State Departments of Transportation (DOTs) across the country face tightening budgets, and one DOT recently stepped up to make the most of the funds it has.

The Wyoming Department of Transportation (WYDOT) has positioned itself responsibly for the future. On November 16, the agency announced it will stop approving highway expansion projects and will focus resources toward repair of the state’s existing road system. This announcement comes just months after the publication of Repair Priorities, a report by Smart Growth America and Taxpayers for Common Sense, which made recommendations along these lines.
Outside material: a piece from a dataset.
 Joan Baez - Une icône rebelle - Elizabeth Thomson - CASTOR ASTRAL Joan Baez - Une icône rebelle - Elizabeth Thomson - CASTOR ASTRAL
In an interview with the American Association of State Highway and Transportation Officials, WYDOT Director John Cox said, “We’re beginning to look at our transportation system from a maintenance perspective rather than [as] a highway improvement program.” WYDOT is one of many DOTs across the country struggling to prevent its roads from deteriorating under current fiscal pressures, but one of few state DOTs to make a public commitment to prioritizing its existing roads. WYDOT’s decision to halt costly expansion projects will go a long way in preserving Wyoming’s roads in a state of good repair, will reduce the scale of future road maintenance costs for the state and will hopefully serve as an example to other state DOTs as they continue to make tough decisions about how to allocate funds.

WYDOT’s choice is also a smart economic move for the state. Investing in road repair is a great job creator. Analysis by Smart Growth America found that funds from the American Recovery and Reinvestment Act spent on road repair projects created 16% more jobs per dollar than funds spent on expansion projects. Prioritizing existing roads will also save Wyoming drivers money: smooth, well-maintained roads are gentler on tire suspensions and allow drivers to get better gas mileage. In fact, rough roads can add an average of $355 annually to the cost of owning a car.

While many state DOTs across the country are facing fiscal crises, too many fail to evaluate which investments will actually provide the state and taxpayers with the greatest return. Continuing to fund costly road expansion projects in the face of mounting budgetary pressures doesn’t just ensure that states will have massive maintenance price tags in the future, it also fails to protect the hefty investments states have already made by letting existing roads fall into disrepair.

If more states used the kind of clear-eyed analysis that Wyoming has done, they would almost certainly focus more on fixing existing roads and bridges. With rigorous analysis, some few new projects might be found worthy, but with an awareness of current repair needs and future new costs, there would be far fewer new projects than we see today.

State DOTs will need to be smarter about how to get the greatest economic value out of their investments. Repair Priorities provides examples of smart spending strategies for state DOTs and assesses how effectively other DOTs are using their limited resources.